Mystical Dada: Self-described as “Mystical Dada and sacred objects,” Michael Pierce‘s new exhibition at the Farmington Depot Gallery, “Painting, Sculpture and Objects of Art,” presents a collection of curious works that give new life to discarded materials. Pierce’s highly textured found object sculptures combine natural materials like branches, feathers and shells with manmade elements like nails, ceramic bits, spools of thread and crunched metal retrieved from a paper mill. His large-scale paintings are full of layered geometry, swirls of subdued colors and hidden patterns.

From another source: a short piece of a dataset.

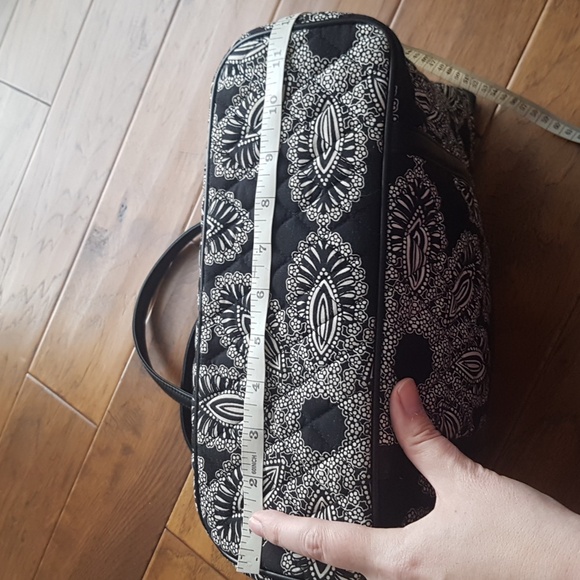Vera Bradley Black White Floral Quilted Tote Bag with Zipper - Picture 9 of 16
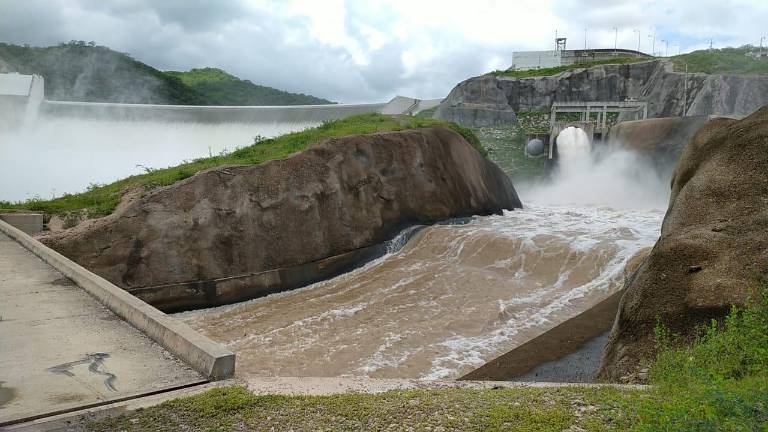 Este domingo AMLO realizó una gira de supervisión para inspeccionar los avances de las obras que se están realizando en las presas Picachos y Santa María.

A tribal-esque garment sewn from repurposed fabrics is reminiscent of the robes worn by Eddie Owen Martin, the visionary artist St. EOM behind futuristic folk art environment Pasaquan in Buena Vista, GA. 

“In 1975, an artist friend of mine, Pat Powell, and me were asked to escort students from Mercer in Macon to South Georgia to help Eddie Owen Martin with his compound, Pasaquan. Eddie, my friend Pat and me were all Cancers, and we loved to create and smoke pot, and Eddie had plenty for us to smoke—not the students, but the three of us hit it off,” Pierce says. “I consider myself a close friend of St. EOM ’til the day he took his life. Not a day goes by that I don’t think of him. Eddie was the real deal.”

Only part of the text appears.